ALBANY (CN) — A New York lawmaker is kicking off 2020 by proposing the Empire State switch time zones.
A bill introduced Wednesday by state Senator James Skoufis lays out a plan to have New York observe Atlantic Time so that winter sunsets occur an hour later — 5:30 p.m. instead of 4:30, for example.
“Today is the ‘shortest day’ of the year with sunset at 4:30pm,” Skoufis tweeted on Dec. 21. “This is crazy. And it doesn’t have to be. Let’s pass my permanent Daylight Saving Time bill next year so that we get an extra hour of sun when it counts: while we’re awake.”
Skoufis encountered pushback on that Twitter post, with multiple users imploring him to look at science that indicates year-round Daylight Saving Time is actually a bad idea.
One catch is that Skoufis’ plan would also push sunrise back an hour, which critics say could put children in danger as they wait for the school bus in the dark.
Jess Gulotta, a spokeswoman for Skoufis, said the switch back and forth from Daylight Saving Time causes productivity losses, which are compounded by the state’s post in the Eastern Time Zone. Switching to Atlantic Time would mean no more sunsets before 5 p.m. in the winter, she said.

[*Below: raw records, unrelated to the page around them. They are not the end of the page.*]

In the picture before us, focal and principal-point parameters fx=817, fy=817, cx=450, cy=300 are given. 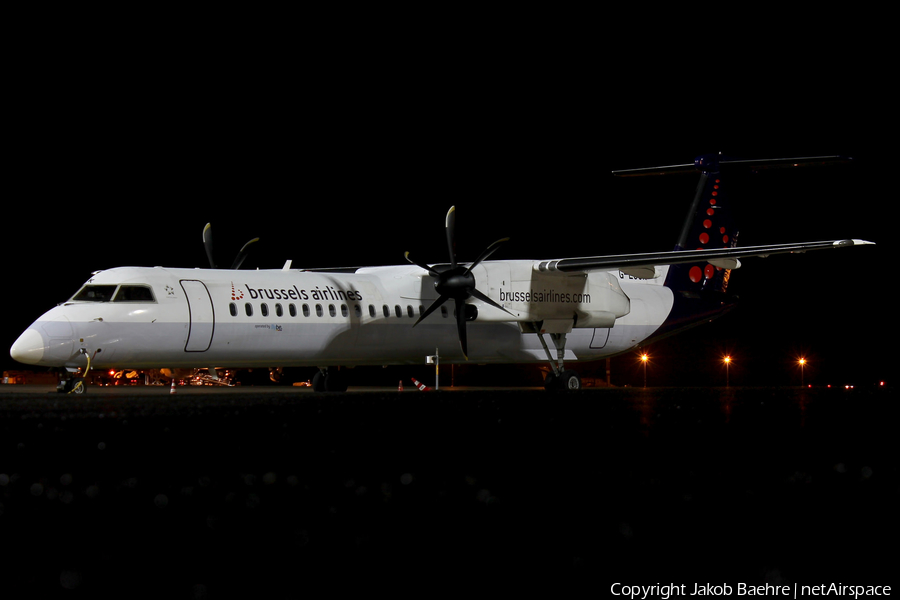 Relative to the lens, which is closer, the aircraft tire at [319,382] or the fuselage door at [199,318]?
the fuselage door at [199,318]

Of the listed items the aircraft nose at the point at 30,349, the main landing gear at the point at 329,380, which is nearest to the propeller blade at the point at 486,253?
the main landing gear at the point at 329,380

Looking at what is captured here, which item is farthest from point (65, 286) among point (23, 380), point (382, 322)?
point (382, 322)

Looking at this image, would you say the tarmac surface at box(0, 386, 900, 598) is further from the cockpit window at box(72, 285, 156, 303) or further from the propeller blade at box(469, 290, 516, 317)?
the propeller blade at box(469, 290, 516, 317)

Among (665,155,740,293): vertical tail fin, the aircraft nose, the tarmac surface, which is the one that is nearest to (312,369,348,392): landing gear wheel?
the aircraft nose

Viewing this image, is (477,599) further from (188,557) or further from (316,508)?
(316,508)

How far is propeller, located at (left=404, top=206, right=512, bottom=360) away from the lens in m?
22.7

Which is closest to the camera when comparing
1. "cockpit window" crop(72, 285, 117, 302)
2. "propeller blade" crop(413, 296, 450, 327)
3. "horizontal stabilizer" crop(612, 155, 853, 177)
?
"cockpit window" crop(72, 285, 117, 302)

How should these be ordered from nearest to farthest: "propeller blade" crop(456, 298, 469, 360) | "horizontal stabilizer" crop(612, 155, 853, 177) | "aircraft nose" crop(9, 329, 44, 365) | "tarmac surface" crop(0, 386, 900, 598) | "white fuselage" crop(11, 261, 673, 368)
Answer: "tarmac surface" crop(0, 386, 900, 598) < "aircraft nose" crop(9, 329, 44, 365) < "white fuselage" crop(11, 261, 673, 368) < "propeller blade" crop(456, 298, 469, 360) < "horizontal stabilizer" crop(612, 155, 853, 177)

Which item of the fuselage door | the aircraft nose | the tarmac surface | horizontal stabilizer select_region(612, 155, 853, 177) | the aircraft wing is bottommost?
the tarmac surface

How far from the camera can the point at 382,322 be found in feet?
75.7

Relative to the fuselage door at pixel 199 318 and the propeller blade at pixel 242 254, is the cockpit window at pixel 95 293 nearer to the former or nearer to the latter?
the fuselage door at pixel 199 318

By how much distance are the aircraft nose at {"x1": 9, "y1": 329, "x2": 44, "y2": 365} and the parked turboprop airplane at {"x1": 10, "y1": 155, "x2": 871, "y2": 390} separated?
0.10ft

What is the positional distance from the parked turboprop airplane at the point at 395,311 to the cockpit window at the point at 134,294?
24 millimetres

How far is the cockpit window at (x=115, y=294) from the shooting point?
755 inches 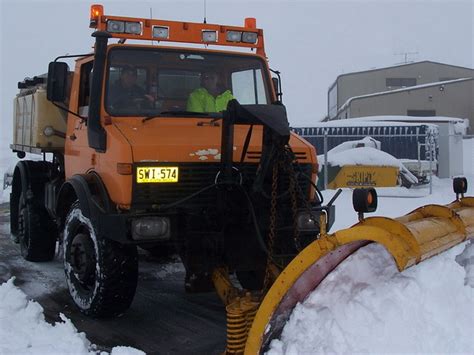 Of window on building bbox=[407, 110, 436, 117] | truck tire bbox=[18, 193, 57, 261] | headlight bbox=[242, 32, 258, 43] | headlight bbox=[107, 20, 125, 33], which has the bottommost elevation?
truck tire bbox=[18, 193, 57, 261]

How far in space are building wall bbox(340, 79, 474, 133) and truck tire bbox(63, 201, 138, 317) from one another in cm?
2883

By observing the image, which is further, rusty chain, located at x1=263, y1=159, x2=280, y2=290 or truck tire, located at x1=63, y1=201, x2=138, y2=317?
A: truck tire, located at x1=63, y1=201, x2=138, y2=317

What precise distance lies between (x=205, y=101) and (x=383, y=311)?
273 cm

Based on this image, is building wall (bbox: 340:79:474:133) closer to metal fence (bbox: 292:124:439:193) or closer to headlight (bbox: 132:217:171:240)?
metal fence (bbox: 292:124:439:193)

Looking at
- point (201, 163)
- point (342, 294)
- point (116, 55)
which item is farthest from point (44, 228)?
point (342, 294)

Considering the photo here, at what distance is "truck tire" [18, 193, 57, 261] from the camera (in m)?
7.21

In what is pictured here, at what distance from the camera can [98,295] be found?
184 inches

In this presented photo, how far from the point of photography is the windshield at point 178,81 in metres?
4.94

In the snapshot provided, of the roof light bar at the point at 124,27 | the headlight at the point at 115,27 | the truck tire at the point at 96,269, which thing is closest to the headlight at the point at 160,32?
the roof light bar at the point at 124,27

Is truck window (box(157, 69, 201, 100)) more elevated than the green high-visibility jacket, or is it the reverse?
truck window (box(157, 69, 201, 100))

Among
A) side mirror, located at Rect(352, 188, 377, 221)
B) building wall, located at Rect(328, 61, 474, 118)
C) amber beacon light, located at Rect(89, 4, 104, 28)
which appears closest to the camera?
side mirror, located at Rect(352, 188, 377, 221)

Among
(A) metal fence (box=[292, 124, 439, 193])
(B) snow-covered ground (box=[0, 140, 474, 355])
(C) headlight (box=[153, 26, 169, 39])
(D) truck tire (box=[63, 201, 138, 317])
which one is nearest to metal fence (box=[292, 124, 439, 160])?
(A) metal fence (box=[292, 124, 439, 193])

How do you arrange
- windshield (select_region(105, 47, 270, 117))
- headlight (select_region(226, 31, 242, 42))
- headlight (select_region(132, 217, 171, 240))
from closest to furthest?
1. headlight (select_region(132, 217, 171, 240))
2. windshield (select_region(105, 47, 270, 117))
3. headlight (select_region(226, 31, 242, 42))

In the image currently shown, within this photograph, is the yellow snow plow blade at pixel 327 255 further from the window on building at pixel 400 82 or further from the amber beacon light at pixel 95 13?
the window on building at pixel 400 82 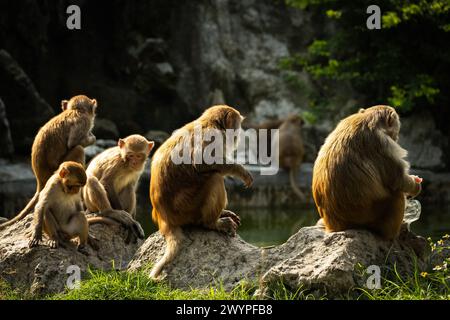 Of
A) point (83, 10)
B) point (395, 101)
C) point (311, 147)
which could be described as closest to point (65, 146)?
point (395, 101)

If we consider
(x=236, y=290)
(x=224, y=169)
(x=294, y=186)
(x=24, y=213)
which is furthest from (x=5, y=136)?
(x=236, y=290)

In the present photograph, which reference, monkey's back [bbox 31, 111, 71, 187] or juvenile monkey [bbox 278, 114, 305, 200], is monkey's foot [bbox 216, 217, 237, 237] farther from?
juvenile monkey [bbox 278, 114, 305, 200]

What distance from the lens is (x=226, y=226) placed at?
6.23 meters

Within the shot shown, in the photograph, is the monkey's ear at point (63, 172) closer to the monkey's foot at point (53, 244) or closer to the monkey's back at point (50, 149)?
the monkey's foot at point (53, 244)

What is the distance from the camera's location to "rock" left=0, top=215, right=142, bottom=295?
629 cm

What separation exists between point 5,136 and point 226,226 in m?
9.67

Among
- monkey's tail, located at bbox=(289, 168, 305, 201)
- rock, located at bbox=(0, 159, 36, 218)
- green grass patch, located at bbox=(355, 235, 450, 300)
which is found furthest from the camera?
monkey's tail, located at bbox=(289, 168, 305, 201)

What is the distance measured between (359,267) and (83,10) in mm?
15683

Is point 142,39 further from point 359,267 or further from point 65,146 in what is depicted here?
point 359,267

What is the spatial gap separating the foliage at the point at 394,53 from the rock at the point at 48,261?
1009 centimetres

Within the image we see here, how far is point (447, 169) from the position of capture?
54.5ft

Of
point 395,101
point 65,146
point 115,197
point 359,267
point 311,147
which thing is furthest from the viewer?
point 311,147

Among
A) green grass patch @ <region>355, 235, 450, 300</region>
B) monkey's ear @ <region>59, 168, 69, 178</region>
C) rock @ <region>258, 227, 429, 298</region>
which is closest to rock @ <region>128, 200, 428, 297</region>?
rock @ <region>258, 227, 429, 298</region>

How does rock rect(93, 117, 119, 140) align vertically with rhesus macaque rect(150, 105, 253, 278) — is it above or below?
below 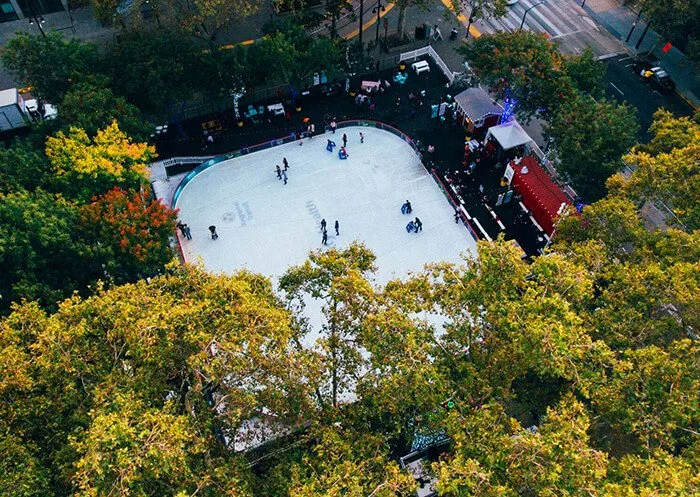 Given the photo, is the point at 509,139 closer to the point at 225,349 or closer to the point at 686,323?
the point at 686,323

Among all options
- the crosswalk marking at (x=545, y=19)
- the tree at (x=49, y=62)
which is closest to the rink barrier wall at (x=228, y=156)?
the tree at (x=49, y=62)

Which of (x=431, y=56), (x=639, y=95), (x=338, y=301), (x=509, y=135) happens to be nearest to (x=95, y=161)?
(x=338, y=301)

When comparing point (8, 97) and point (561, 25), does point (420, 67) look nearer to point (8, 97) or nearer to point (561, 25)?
point (561, 25)

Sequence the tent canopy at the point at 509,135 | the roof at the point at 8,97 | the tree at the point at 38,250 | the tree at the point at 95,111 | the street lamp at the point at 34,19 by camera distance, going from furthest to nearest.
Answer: the street lamp at the point at 34,19 < the roof at the point at 8,97 < the tent canopy at the point at 509,135 < the tree at the point at 95,111 < the tree at the point at 38,250

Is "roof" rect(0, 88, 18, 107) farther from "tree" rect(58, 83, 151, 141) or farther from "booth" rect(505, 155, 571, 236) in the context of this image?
"booth" rect(505, 155, 571, 236)

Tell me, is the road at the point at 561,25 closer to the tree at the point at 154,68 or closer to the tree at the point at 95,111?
the tree at the point at 154,68

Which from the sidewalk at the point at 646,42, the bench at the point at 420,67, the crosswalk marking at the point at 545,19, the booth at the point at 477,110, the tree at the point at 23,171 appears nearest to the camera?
the tree at the point at 23,171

Skoufis took this route rather than proposing a permanent switch to Daylight Savings Time because a time-zone shift can be approved by the U.S. Department of Transportation, rather than an act of Congress.
In a phone interview Tuesday, Gulotta said New York would not go forward with the switch unless joined by surrounding states like New Jersey, Pennsylvania and Connecticut, so as not to complicate business in the New York City metropolitan area for out-of-state commuters.
One of Skoufis’ Twitter challengers is Travis Longcore, an adjunct professor at UCLA in the Institute of the Environment and Sustainability who has sounded public health alarms about the bill.
“The important thing for setting your daily biological rhythms is being exposed to daylight soon after you wake up in the morning,” Longcore said in a phone interview this week.
A doctor of geography, Longcore said humans waking up an hour or an hour and a half before sunrise could contribute to the public health problem of “social jetlag.”
“That is a chronic misalignment of your activity with the signal that tells your body that it’s daytime and you should get going,” he said. “And that results in a whole suite of bad things, including increased cancer risk.”
That cancer risk comes from stress on the body when the circadian clocks in our cells are out of sync with the sun, he said.
Part of the problem is that science is still new, Longcore added.
But as many arguments as there are for why people shouldn’t wake up in the darkness, Gulotta said there are others for why we should have more sun in the nighttime.
Longcore called the issue more nuanced. “It’s going to take a decade for people to understand that the chronic misalignment of our bodies to light and dark is every bit as significant as other things we’ve taken action on” to address public health, like smoking, he said.
Michael Downing, the author of “Spring Forward: The Annual Madness of Daylight Saving Time,” noted that he has not read Skoufis’ proposal but generally opposes the idea.
“There are many reasons to question the sagacity of these proposals … including the absurdly late sunrise times in December and January — 8:30 to 9:00 a.m., or later — for those unlucky residents of the western reaches of these newly designated time zones,” Downing wrote in an email.
“And what if, come spring, people’s fingers get itchy, because they feel they have a right to more evening sunlight hours as good weather approaches?”
Longcore said he considers the traffic-accident dilemma to be a separate issue that could be addressed with better streetlights.
Skoufis, a Democrat, became the youngest member of the New York Assembly when he first took office in 2013 at age 24. Experts note that the time-zone issue is one of few that does not fall along political lines, with Democrats and Republicans on both sides of the debate.
David Prerau, the author of “Seize the Daylight: The Curious and Contentious Story of Daylight Saving Time,” emphasized that the current system may not be perfect but makes the best of the situation.
Proposing a simpler plan, Prerau pointed out that many people simply don’t prepare for the loss of sleep that comes with switching times.
“We need a public service campaign every year telling people they’re going to lose an hour of sleep,” said Prerau, whose doctorate degree is in statistics. “That alone might be enough to minimize the negative effects.”
Gulotta didn’t buy that.
“People are aware that they’re going to lose an hour; they know it already,” she said in a phone interview.